Now, in a surprising twist, Mougous and colleagues have found that many animals have taken a page from the bacterial playbook. They steal these toxins to fight unwanted microbes growing in or on them. The researchers describe their findings in a report to be published online Nov. 24 in the journal Nature.
The animal toxins were serendipitously discovered when the Mougous group was working with evolutionary biologist Harmit Malik at Fred Hutchinson Cancer Research Center in Seattle to find more bacterial competition toxins.
“When we started digging into genome databases, we were surprised to find that toxin genes we thought were present only in bacteria were also in several animals,” explained co-author Matt Daugherty, a postdoctoral fellow in the Malik lab. “We immediately started wondering why they were there.”
Their analyses revealed that these genes had jumped from bacteria into animals. These genes had become permanently incorporated into the genomes of these animals through a process known as horizontal gene transfer. While such transfer events are common between microbes, very few genes have been reported to jump from bacteria to more complex organisms.
The organisms carrying the bacterial toxins were incredibly diverse and included several species of ticks and mites. The team of scientists immediately recognized the potential medical importance of the toxin in one organism in particular – the deer tick, infamous for its ability to transmit Lyme disease.
“We were excited to see this in the deer tick, given the increasing prevalence of Lyme disease in North America.
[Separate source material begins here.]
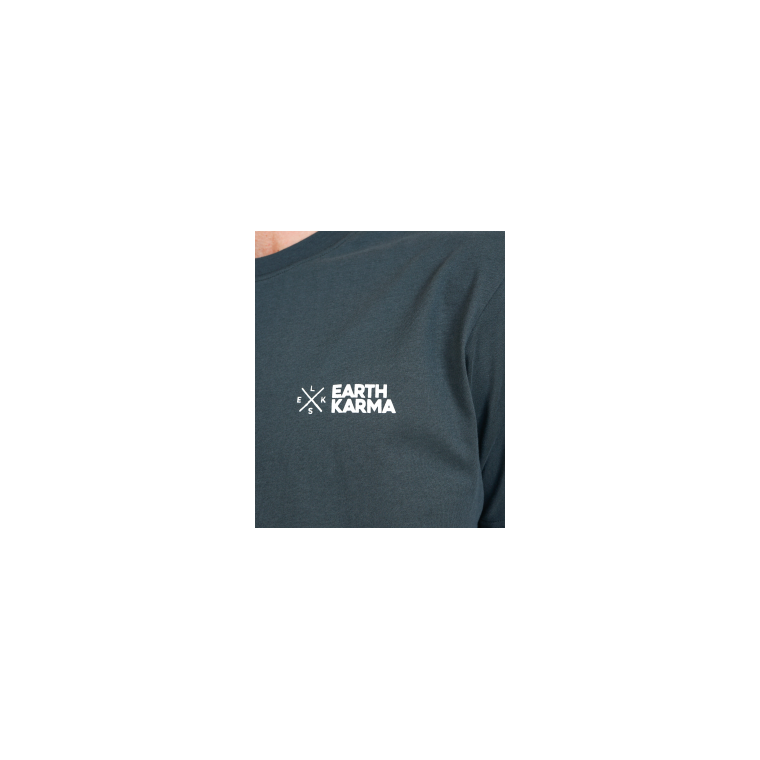 ELSK - EARTH KARMA BRUSHED T-SHIRT - STONE GREEN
Lyme disease is caused by a bacterium, so we speculated that the transferred antibacterial toxin might affect how the tick interacts with the Lyme disease agent,” said co-author Seemay Chou, a postdoctoral researcher in the Mougous group.
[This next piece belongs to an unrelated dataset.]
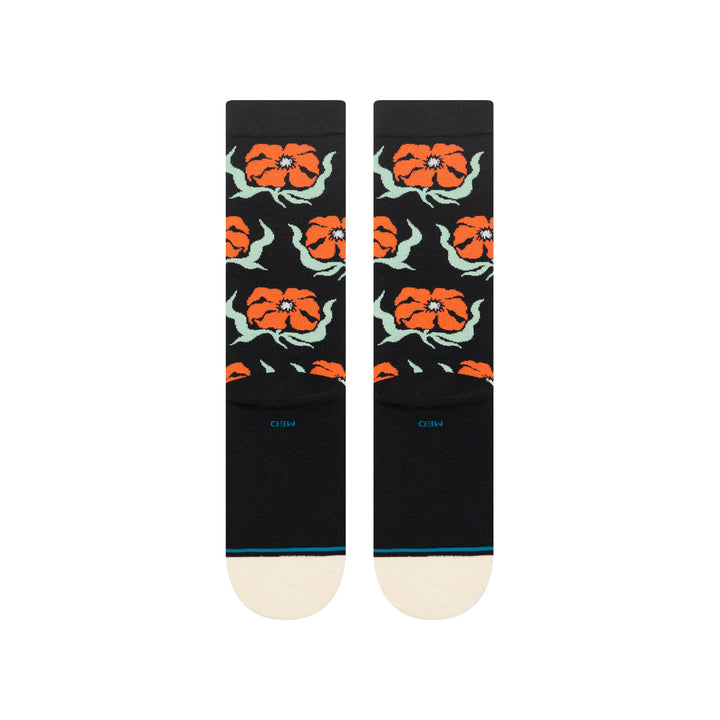 Stance Broadcast Floral Crew - Black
Ticks carry pathogens in their guts and transmit them through their saliva when they feed on animals. The toxin was abundant in both of these sites in the tick. The researchers observed that, when they used genetic strategies to reduce production of the toxin in ticks, levels of the Lyme disease pathogen rose significantly.
“We are now following up on these results by looking into how these toxins influence Lyme disease transmission,” said Chou.
How the toxins function in organisms other than ticks remains to be explored. The researchers now are looking at the possibility that other bacterial toxins have been repurposed by animals for antibacterial defense.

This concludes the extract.